Write out again, unchanged, the line that has "LPR 05P874 Тормозные" and each following line through the end of the entries below; leave pictures out.

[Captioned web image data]
• • •

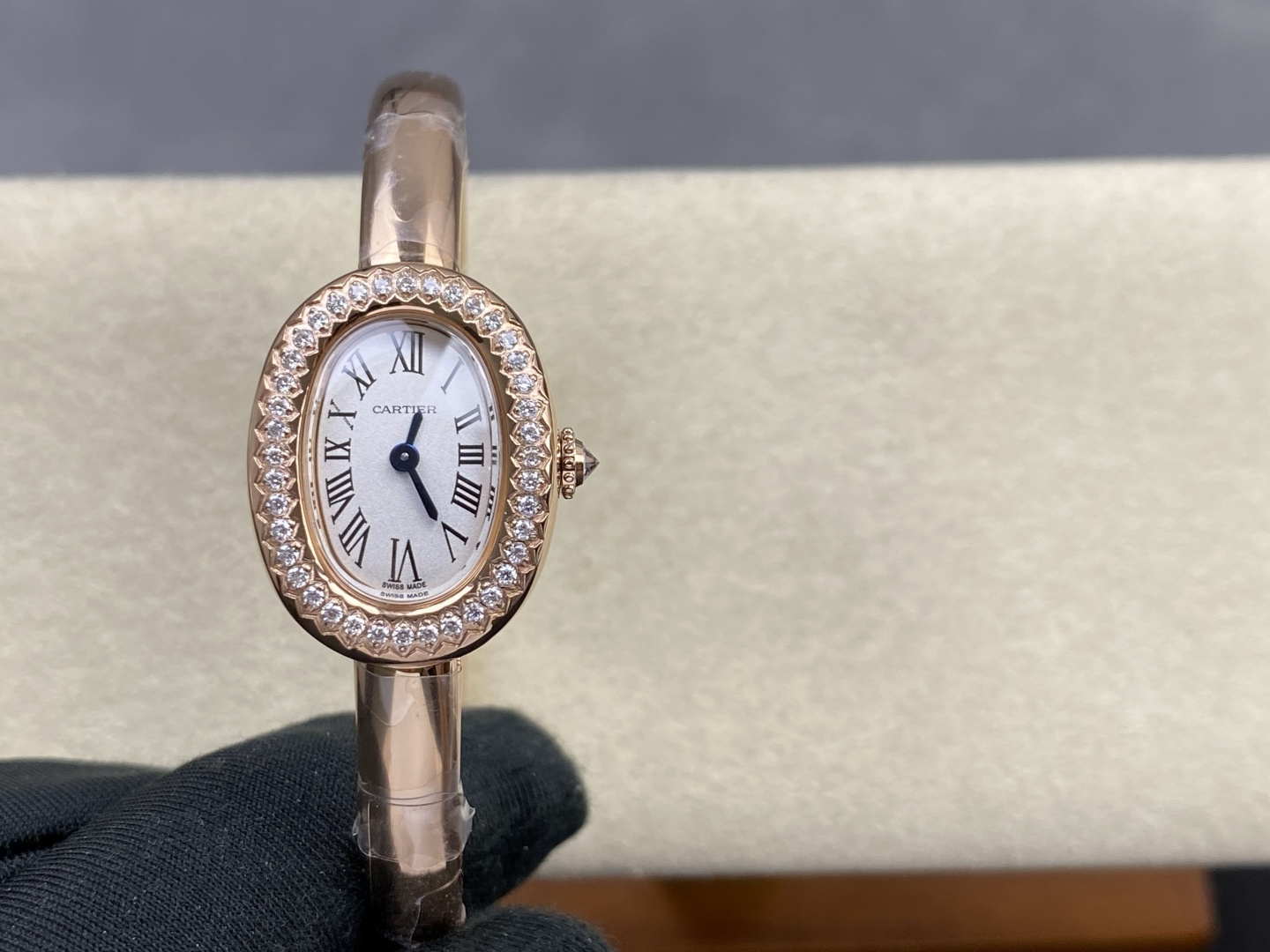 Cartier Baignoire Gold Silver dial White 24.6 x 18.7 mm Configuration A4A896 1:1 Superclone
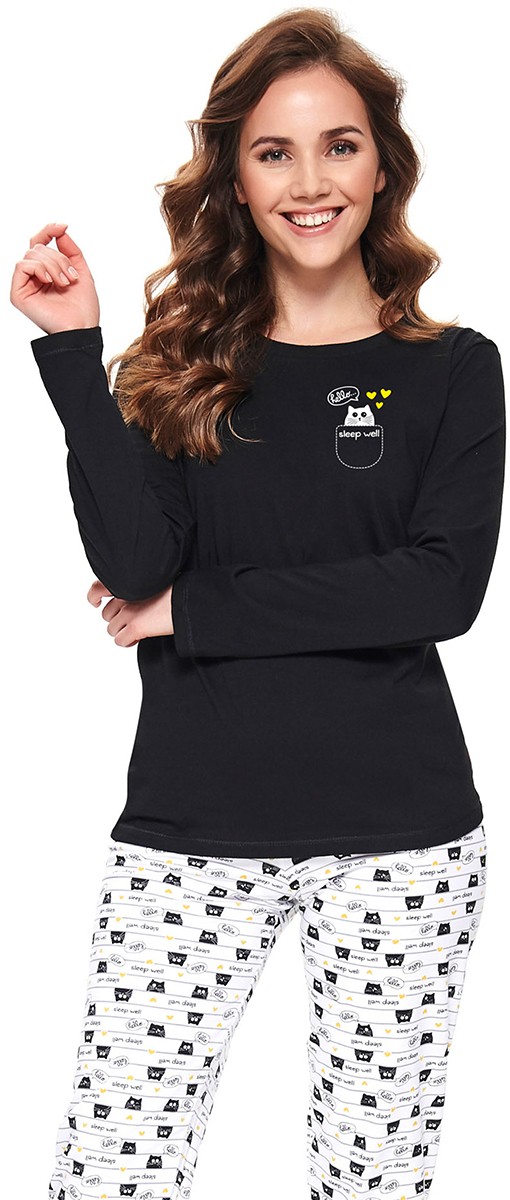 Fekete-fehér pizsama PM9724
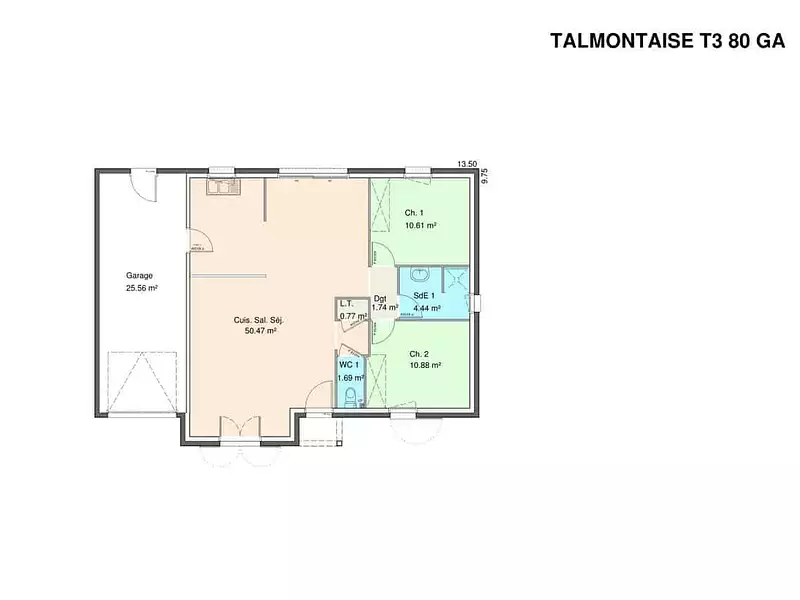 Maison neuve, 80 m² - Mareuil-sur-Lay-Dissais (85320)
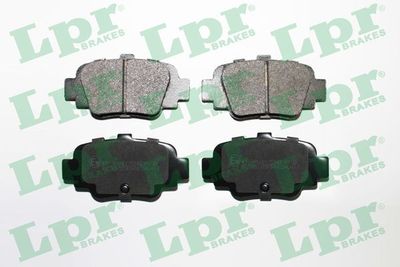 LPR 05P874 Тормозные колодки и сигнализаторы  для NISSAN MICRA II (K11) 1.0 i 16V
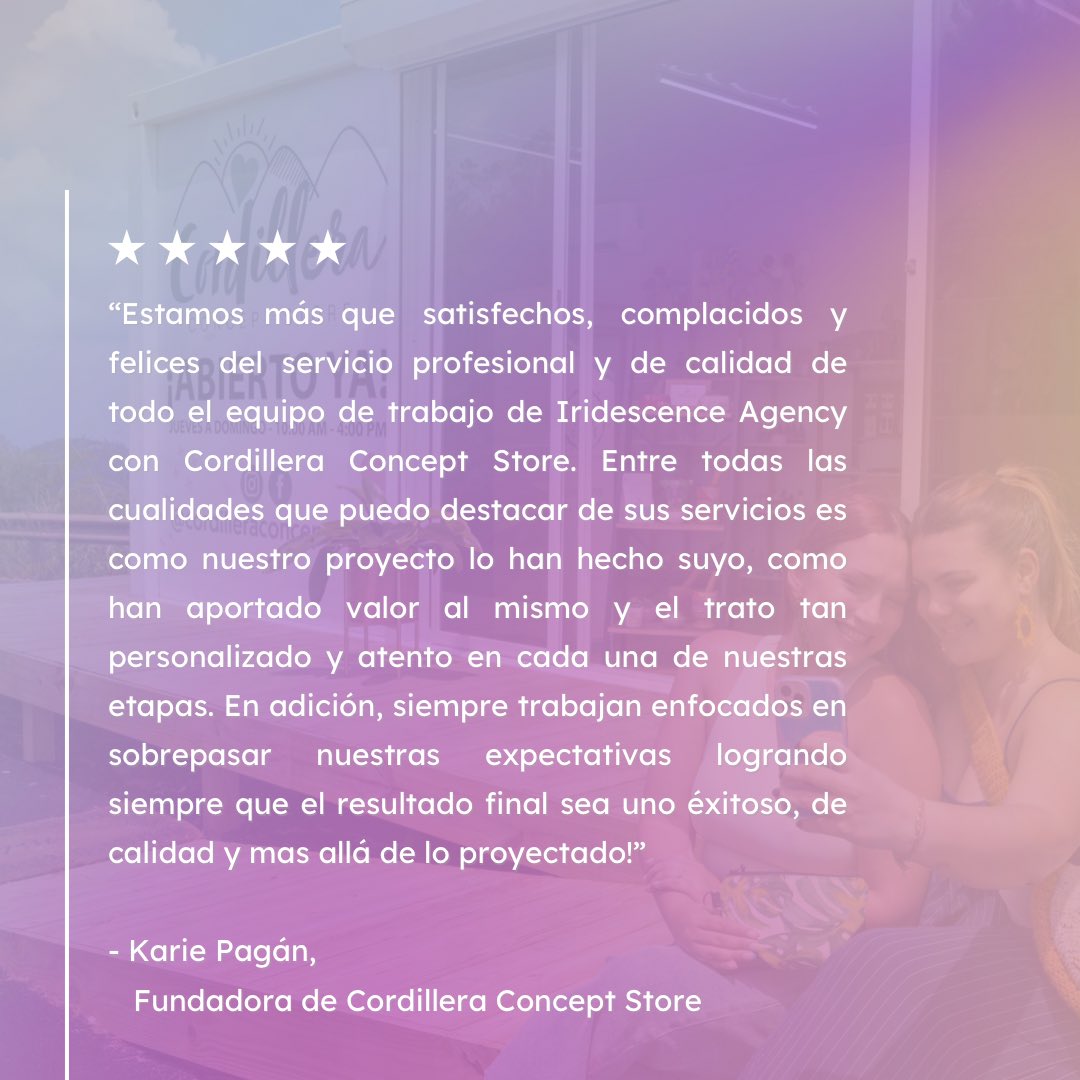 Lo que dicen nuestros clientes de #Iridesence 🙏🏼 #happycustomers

• • •

OUTPUT FOR THIS TASK:
 LPR 05P874 Тормозные колодки и сигнализаторы  для NISSAN MICRA II (K11) 1.0 i 16V
 Lo que dicen nuestros clientes de #Iridesence 🙏🏼 #happycustomers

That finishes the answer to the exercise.